John Egbert Farnum (born in New Jersey, 1 April 1824; died in New York City, 16 May 1870) was a brevet general in the United States Army during the Mexican–American War and the American Civil War, and captain of the illegal slave ship Wanderer.

==Biography==
Farnum was educated in Pottsville, Pennsylvania. In his youth, Farnum was an Overland express rider.

Farnum entered the army as sergeant-major of the 1st Pennsylvania Infantry in 1846, and served through the Mexican War. Subsequently he joined the Lopez expedition to Cuba which left New Orleans in 1850, and also took an active part in Walker's Nicaraguan expeditions. Still later he was captain of the slave yacht Wanderer, and was indicted at Savannah, Georgia, for carrying on illegal slave trade. He is said to have regretted this episode in his life.

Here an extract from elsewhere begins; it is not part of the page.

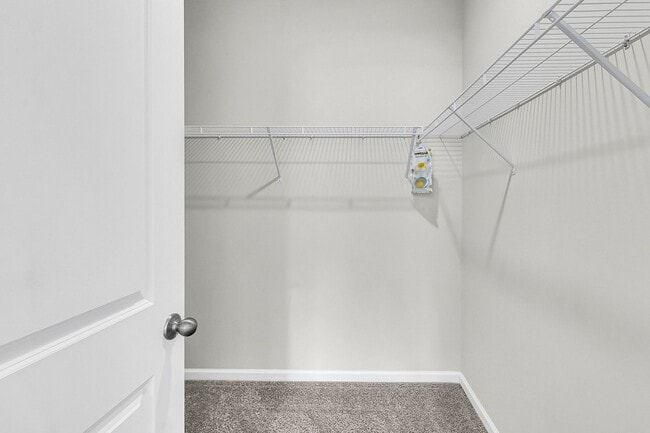 Building Photo - 3 Bedroom 2.5 Bath Located in Pine Hills i...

At the beginning of the Civil War, he became major in the 70th New York Volunteer Infantry Regiment, which was raised and commanded by General Sickles. He distinguished himself for gallantry in all the engagements in which Sickles's brigade took part, and was promoted colonel of his regiment. At the Battle of Williamsburg, 5 May 1862, he was severely wounded, but recovered in time to take part in the battles of Fredericksburg, New Chancellorsville, and Gettysburg. (Colonel Farnum's name appears in the Graffiti House in Brandy Station, Virginia from this period.) He was then compelled by his wounds to abandon active service, and accepted the colonelcy of the 11th regiment of the veteran reserve corps, which he retained until the close of the war.

For his gallant and meritorious services, on February 21, 1866, President Andrew Johnson nominated Farnum for appointment to the grade of brevet brigadier general of volunteers to rank from January 3, 1866 and the U.S. Senate confirmed the appointment on April 10, 1866. Farnum was mustered out of the U.S. Volunteers on June 30, 1866.

Later he was appointed collector for the Port of New York and then inspector of customs in New York City, which office he held at the time of his death. After Farnum died in New York City on May 16, 1870, his "wreath-topped coffin" was carried from his house on Stuyvesant Street by a "regiment of national guard Zouaves, resplendent in red hats, red trousers, and ceremonial jackets." Farnum was buried in Green-Wood Cemetery, Brooklyn, New York.